Entries provided>

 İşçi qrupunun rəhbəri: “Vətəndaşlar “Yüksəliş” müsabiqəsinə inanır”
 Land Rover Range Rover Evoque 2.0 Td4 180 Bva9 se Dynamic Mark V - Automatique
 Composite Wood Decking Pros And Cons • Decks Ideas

* * *

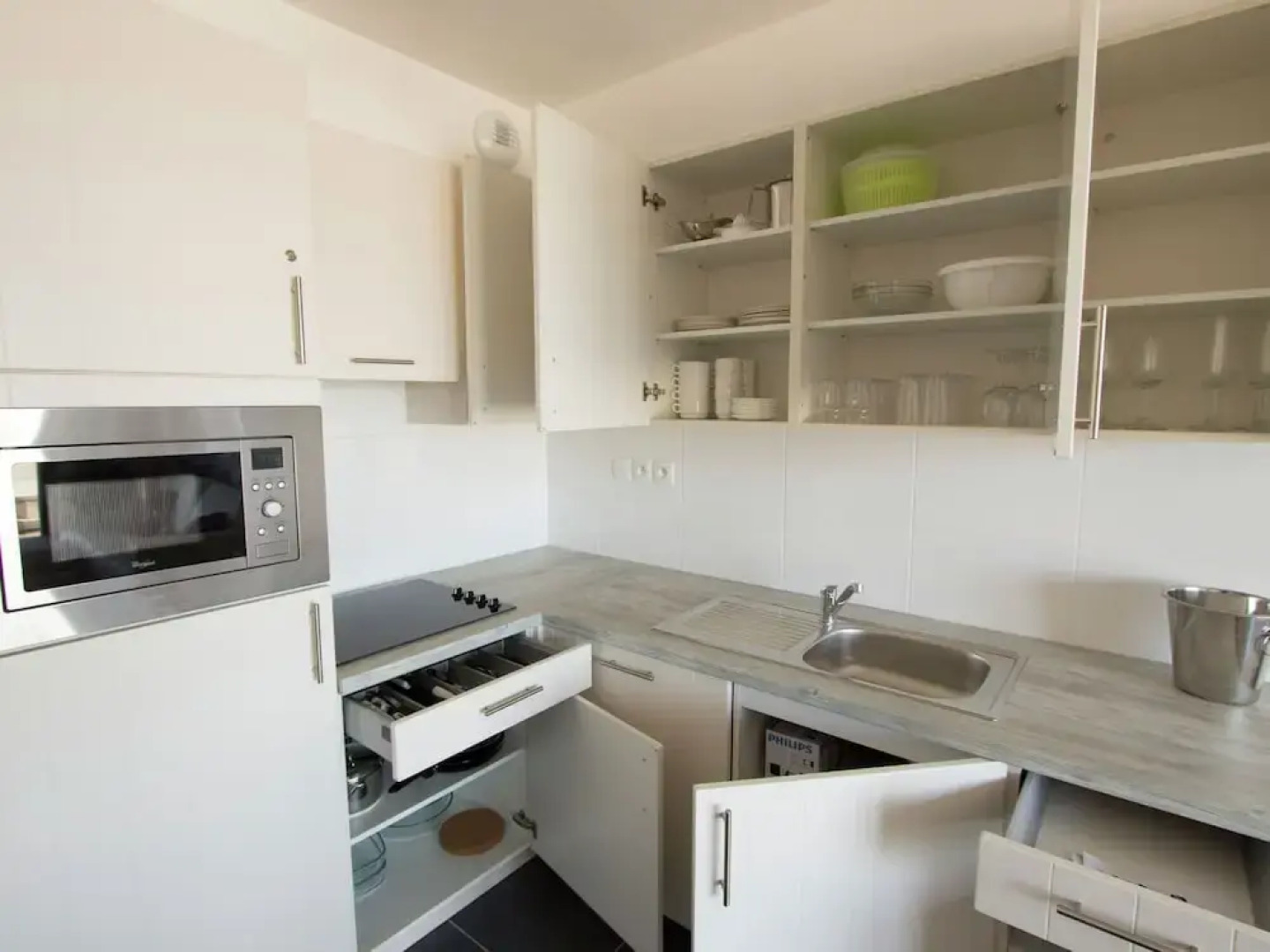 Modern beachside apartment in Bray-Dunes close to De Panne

==

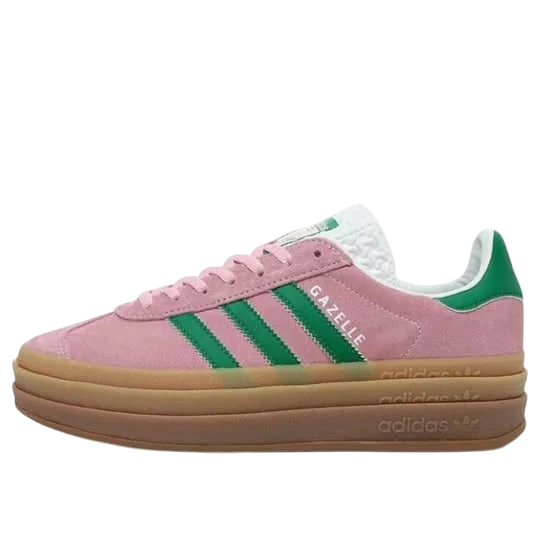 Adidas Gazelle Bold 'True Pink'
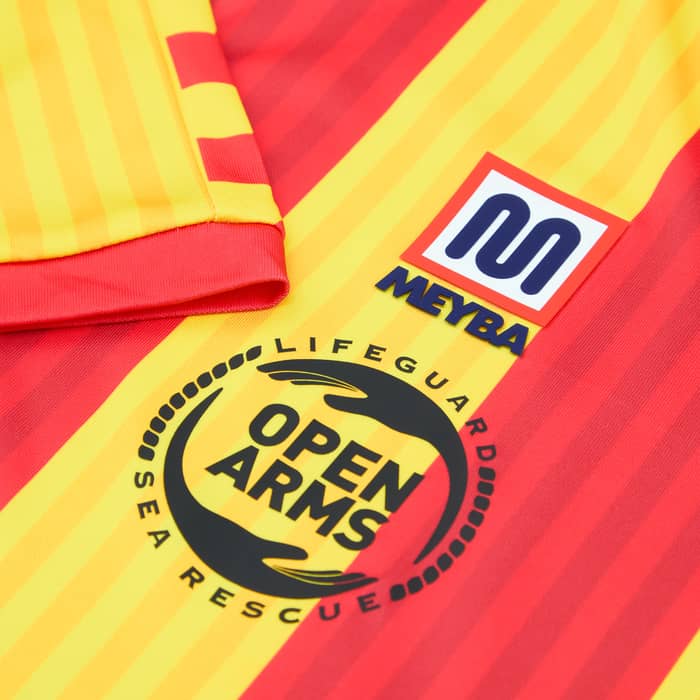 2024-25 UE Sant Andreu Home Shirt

What you have to do> Using the data above, retype exactly and only the lines from the one containing "Adidas Gazelle Bold 'True Pink'" up to and including the one containing "2024-25 UE Sant Andreu Home Shirt", with no pictures carried over.

Exercise result>
 Adidas Gazelle Bold 'True Pink'
 2024-25 UE Sant Andreu Home Shirt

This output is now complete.